Web page caption snippets

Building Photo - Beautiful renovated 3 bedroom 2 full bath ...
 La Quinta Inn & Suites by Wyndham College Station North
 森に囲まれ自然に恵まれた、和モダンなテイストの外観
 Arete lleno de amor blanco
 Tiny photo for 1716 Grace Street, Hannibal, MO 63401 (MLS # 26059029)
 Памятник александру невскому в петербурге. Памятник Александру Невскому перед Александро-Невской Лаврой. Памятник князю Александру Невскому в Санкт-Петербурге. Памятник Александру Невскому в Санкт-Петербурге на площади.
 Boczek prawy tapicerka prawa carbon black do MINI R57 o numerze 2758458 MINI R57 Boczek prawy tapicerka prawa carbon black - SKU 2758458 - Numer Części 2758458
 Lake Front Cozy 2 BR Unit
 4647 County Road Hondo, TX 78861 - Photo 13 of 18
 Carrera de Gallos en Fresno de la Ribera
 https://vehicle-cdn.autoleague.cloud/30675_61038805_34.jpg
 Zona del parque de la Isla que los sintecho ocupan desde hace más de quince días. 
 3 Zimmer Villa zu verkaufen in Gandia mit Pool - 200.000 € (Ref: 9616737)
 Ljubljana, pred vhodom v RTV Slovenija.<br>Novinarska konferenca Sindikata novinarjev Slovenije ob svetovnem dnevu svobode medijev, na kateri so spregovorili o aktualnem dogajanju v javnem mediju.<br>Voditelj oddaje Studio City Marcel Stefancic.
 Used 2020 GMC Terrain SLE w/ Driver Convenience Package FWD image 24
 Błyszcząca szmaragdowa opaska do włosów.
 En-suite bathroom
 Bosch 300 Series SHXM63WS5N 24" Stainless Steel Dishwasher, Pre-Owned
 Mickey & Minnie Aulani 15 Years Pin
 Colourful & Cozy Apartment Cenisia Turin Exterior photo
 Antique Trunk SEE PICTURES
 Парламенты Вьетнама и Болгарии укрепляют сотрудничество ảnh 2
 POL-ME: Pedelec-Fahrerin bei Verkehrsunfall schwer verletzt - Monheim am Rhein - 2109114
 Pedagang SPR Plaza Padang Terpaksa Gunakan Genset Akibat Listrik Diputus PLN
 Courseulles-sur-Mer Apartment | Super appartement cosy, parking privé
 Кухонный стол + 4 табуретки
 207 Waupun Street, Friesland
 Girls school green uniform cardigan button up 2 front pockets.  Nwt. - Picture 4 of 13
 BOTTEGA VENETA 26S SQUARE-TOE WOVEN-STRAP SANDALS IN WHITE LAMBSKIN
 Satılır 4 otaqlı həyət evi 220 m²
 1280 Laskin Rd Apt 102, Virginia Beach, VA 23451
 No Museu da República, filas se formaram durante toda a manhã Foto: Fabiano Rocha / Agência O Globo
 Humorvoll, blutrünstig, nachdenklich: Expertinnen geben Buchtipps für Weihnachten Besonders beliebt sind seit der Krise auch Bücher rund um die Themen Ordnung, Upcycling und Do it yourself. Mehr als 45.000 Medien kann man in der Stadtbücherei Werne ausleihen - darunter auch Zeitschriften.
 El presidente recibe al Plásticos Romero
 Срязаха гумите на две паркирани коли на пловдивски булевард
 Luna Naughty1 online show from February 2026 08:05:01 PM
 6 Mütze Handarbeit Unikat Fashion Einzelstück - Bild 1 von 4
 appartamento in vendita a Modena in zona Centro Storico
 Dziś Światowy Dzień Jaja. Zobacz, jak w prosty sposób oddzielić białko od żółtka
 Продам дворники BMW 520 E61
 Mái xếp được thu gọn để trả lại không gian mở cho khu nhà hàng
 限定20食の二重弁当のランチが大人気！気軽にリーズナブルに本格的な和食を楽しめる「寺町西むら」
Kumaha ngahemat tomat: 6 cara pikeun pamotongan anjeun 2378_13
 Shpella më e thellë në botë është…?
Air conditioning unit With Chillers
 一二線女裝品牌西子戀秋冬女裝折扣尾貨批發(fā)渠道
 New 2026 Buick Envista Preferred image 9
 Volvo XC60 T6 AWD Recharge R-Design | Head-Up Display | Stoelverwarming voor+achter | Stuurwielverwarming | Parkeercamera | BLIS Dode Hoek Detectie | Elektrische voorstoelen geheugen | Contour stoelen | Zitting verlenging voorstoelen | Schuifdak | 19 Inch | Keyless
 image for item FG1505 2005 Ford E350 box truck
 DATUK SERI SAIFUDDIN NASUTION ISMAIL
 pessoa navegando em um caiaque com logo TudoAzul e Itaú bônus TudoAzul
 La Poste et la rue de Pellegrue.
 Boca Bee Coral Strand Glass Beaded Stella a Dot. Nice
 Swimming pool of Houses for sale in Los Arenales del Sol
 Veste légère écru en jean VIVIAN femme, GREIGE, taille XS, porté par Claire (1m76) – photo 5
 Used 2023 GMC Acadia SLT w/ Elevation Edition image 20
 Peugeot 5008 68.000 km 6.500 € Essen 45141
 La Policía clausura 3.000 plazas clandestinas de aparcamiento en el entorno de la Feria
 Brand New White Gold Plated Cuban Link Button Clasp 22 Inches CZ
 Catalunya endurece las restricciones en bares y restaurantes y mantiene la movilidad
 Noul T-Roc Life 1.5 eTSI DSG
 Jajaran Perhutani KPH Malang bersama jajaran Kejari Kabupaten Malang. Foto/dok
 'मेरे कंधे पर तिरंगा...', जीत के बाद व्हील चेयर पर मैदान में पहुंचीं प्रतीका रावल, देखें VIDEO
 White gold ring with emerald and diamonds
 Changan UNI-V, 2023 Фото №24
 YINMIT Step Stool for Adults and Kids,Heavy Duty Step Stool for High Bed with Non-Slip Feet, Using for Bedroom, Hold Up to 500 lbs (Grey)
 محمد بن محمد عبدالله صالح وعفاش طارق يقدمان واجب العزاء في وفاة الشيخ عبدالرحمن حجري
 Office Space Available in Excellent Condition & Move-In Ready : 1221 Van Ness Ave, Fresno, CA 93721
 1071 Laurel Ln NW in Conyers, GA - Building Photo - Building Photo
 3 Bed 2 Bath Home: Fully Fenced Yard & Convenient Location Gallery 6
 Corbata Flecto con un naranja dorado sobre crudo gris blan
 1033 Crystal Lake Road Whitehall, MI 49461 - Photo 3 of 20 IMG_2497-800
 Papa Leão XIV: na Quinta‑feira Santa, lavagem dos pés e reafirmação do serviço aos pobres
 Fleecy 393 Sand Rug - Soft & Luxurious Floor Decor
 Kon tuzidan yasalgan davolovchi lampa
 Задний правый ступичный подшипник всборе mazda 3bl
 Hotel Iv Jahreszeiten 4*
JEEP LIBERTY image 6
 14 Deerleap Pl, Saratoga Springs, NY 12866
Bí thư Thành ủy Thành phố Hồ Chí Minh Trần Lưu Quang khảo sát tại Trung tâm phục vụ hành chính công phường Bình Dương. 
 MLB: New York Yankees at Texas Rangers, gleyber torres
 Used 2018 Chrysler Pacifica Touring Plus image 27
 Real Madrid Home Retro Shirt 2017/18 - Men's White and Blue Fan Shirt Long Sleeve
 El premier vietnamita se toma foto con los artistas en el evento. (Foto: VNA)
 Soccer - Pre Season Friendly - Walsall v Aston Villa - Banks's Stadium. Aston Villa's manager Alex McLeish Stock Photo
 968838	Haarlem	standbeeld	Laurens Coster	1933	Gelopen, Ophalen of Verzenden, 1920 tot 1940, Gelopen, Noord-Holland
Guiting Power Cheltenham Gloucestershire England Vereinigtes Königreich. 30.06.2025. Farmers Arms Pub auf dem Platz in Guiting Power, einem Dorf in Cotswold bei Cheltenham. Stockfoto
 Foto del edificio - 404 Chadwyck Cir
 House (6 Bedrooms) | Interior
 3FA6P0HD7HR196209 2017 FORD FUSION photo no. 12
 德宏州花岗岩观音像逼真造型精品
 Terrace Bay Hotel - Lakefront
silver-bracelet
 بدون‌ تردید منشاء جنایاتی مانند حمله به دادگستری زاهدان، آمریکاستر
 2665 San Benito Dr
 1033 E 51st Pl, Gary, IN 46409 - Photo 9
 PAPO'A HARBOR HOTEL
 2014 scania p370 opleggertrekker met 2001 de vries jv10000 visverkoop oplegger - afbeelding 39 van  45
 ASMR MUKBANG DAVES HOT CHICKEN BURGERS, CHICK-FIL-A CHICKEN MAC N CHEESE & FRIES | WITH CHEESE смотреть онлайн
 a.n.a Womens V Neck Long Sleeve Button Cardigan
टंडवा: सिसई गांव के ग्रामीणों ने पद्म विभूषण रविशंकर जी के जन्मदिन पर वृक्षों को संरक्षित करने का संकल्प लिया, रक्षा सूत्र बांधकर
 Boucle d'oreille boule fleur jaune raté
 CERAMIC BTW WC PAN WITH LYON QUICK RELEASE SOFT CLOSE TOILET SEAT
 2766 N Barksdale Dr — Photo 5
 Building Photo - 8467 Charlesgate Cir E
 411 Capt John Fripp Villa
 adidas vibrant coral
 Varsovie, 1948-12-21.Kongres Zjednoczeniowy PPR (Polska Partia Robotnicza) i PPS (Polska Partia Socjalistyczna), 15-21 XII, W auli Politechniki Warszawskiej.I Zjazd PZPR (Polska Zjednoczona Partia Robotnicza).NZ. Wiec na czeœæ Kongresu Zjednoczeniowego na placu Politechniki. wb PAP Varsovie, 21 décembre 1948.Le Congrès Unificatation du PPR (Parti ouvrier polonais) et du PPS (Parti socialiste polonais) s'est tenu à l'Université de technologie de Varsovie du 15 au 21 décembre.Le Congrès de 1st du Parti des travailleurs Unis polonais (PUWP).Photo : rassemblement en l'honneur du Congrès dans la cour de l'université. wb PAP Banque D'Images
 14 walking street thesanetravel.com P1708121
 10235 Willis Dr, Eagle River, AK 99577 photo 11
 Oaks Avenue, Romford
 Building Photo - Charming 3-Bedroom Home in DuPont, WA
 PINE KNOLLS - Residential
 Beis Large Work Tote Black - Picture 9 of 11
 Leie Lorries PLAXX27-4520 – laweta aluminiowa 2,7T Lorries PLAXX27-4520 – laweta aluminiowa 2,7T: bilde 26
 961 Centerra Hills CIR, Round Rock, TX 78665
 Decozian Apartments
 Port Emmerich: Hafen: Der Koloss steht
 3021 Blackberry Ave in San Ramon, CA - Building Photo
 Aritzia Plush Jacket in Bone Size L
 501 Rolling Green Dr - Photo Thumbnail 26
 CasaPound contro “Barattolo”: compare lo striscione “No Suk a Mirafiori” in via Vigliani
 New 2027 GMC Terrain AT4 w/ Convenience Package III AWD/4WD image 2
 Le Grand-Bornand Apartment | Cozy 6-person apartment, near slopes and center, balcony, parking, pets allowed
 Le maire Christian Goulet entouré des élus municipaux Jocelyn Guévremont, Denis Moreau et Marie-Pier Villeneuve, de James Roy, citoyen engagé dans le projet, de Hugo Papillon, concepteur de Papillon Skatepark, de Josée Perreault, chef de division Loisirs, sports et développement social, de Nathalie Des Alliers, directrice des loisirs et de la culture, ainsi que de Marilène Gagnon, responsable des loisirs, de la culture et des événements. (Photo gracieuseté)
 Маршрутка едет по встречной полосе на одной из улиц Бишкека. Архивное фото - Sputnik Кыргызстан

_What needs to be done_
The lines above, starting at the one with "El premier vietnamita" and ending at the one with "adidas vibrant coral", are the only ones to return, exactly as written.

_Final answer_
 El premier vietnamita se toma foto con los artistas en el evento. (Foto: VNA)
 Soccer - Pre Season Friendly - Walsall v Aston Villa - Banks's Stadium. Aston Villa's manager Alex McLeish Stock Photo
 968838	Haarlem	standbeeld	Laurens Coster	1933	Gelopen, Ophalen of Verzenden, 1920 tot 1940, Gelopen, Noord-Holland
Guiting Power Cheltenham Gloucestershire England Vereinigtes Königreich. 30.06.2025. Farmers Arms Pub auf dem Platz in Guiting Power, einem Dorf in Cotswold bei Cheltenham. Stockfoto
 Foto del edificio - 404 Chadwyck Cir
 House (6 Bedrooms) | Interior
 3FA6P0HD7HR196209 2017 FORD FUSION photo no. 12
 德宏州花岗岩观音像逼真造型精品
 Terrace Bay Hotel - Lakefront
silver-bracelet
 بدون‌ تردید منشاء جنایاتی مانند حمله به دادگستری زاهدان، آمریکاستر
 2665 San Benito Dr
 1033 E 51st Pl, Gary, IN 46409 - Photo 9
 PAPO'A HARBOR HOTEL
 2014 scania p370 opleggertrekker met 2001 de vries jv10000 visverkoop oplegger - afbeelding 39 van  45
 ASMR MUKBANG DAVES HOT CHICKEN BURGERS, CHICK-FIL-A CHICKEN MAC N CHEESE & FRIES | WITH CHEESE смотреть онлайн
 a.n.a Womens V Neck Long Sleeve Button Cardigan
टंडवा: सिसई गांव के ग्रामीणों ने पद्म विभूषण रविशंकर जी के जन्मदिन पर वृक्षों को संरक्षित करने का संकल्प लिया, रक्षा सूत्र बांधकर
 Boucle d'oreille boule fleur jaune raté
 CERAMIC BTW WC PAN WITH LYON QUICK RELEASE SOFT CLOSE TOILET SEAT
 2766 N Barksdale Dr — Photo 5
 Building Photo - 8467 Charlesgate Cir E
 411 Capt John Fripp Villa
 adidas vibrant coral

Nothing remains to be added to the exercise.